-- Brief --
The response must be made up of the lines in the entries below that contain "Size".

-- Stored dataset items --
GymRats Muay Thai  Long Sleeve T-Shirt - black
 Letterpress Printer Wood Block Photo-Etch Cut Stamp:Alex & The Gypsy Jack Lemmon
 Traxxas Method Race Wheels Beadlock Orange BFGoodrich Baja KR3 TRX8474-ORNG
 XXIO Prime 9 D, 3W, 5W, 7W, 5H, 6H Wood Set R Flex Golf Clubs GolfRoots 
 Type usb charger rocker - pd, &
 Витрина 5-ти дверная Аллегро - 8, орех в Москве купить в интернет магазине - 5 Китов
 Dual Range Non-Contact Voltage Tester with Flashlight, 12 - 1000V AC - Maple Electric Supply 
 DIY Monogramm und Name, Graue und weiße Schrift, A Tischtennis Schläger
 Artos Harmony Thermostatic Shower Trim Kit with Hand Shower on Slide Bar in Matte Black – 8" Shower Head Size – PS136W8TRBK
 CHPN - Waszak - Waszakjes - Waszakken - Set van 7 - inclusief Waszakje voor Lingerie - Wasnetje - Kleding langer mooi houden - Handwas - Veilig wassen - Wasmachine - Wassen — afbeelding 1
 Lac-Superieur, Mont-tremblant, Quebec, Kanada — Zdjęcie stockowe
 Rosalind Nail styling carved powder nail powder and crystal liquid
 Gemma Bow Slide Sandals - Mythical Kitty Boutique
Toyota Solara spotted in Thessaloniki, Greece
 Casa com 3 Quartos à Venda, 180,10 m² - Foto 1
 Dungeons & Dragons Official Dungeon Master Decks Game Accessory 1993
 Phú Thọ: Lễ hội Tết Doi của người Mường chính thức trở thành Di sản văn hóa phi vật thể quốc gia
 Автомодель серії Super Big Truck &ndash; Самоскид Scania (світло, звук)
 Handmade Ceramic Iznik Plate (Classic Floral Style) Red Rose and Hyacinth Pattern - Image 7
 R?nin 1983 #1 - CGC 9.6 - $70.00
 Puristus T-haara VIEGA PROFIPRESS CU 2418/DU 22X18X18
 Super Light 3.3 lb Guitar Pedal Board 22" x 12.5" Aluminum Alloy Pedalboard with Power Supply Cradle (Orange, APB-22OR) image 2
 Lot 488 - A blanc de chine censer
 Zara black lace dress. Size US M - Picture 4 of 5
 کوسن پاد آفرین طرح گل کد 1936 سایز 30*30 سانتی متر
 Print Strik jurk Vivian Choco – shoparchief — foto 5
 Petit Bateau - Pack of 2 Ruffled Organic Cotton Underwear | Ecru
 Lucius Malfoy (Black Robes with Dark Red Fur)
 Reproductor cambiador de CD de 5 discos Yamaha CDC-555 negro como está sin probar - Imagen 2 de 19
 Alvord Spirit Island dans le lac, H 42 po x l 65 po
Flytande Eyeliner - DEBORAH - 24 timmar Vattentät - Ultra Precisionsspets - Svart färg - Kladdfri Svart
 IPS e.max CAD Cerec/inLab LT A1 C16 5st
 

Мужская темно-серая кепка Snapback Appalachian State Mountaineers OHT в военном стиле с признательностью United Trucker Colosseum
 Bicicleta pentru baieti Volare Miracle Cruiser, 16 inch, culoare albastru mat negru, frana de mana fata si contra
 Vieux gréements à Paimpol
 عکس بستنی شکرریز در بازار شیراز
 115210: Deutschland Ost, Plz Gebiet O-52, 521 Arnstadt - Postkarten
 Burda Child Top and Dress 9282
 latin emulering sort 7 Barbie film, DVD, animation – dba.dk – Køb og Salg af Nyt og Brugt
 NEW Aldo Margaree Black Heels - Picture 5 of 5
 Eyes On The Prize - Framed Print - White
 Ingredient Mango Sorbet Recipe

-- Solved exercise --
 Artos Harmony Thermostatic Shower Trim Kit with Hand Shower on Slide Bar in Matte Black – 8" Shower Head Size – PS136W8TRBK
 Zara black lace dress. Size US M - Picture 4 of 5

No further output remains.